Senate approves Bumstead Promise Zones legislation benefiting Muskegon, Newaygo County students

Senate approves Bumstead Promise Zones legislation benefiting Muskegon, Newaygo County students

LANSING, Mich. — The state Senate on Thursday approved legislation sponsored by state Sen. Jon Bumstead that would provide flexibility and access to student scholarships for Michigan’s Promise Zones.

“These reforms would allow Promise Zone Authorities to make decisions that will benefit the individual needs of students within that zone,” said Bumstead, R-Newaygo. “I think we’ve found that, while being a simpler route, blanket policies simply don’t meet the unique needs of students in different areas of the state.”

The Michigan Promise Zone Authority Act provides for scholarships to students who live and graduate from a high school located within the boundaries of a Promise Zone. The scholarships allow for students to pursue higher education while lessening their financial burden.

Promise Zones have three funding sources: the federal Pell Grant or other need-based aid, private contributions and revenues from the state tax capture mechanism. Michigan statute currently allows for 15 communities to have Promise Zones.

Currently, the Michigan Promise Zone Authority Act covers the cost of “qualified educational expenses” for students. Under the current definition, qualified educational expenses cover costs on top of tuition for expenses of books, supplies and equipment required for courses.

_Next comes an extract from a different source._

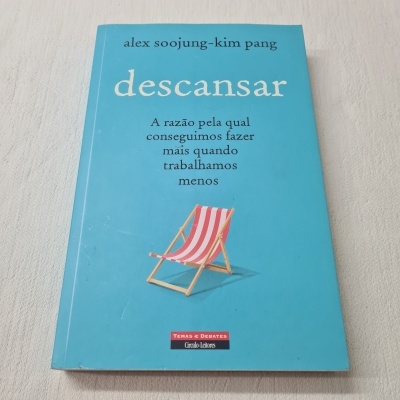 Livro com capa azul e imagem de cadeira de praia riscada rosa e branca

Senate Bill 1052 would modify what is considered a “qualified educational expense” and would make the cost of books, supplies and other equipment optional expenses that a Promise Zone Authority can cover if they choose to.

“Current law includes mandates from Lansing that take away dollars that could be going toward giving more Muskegon and Newaygo County students tuition scholarships,” Bumstead said. “Giving each Promise Zone Authority the choice to include additional costs covered on top of tuition allows each zone to be more autonomous and effective in meeting the needs of students in their community.”

The legislation now moves to the House of Representatives for further consideration.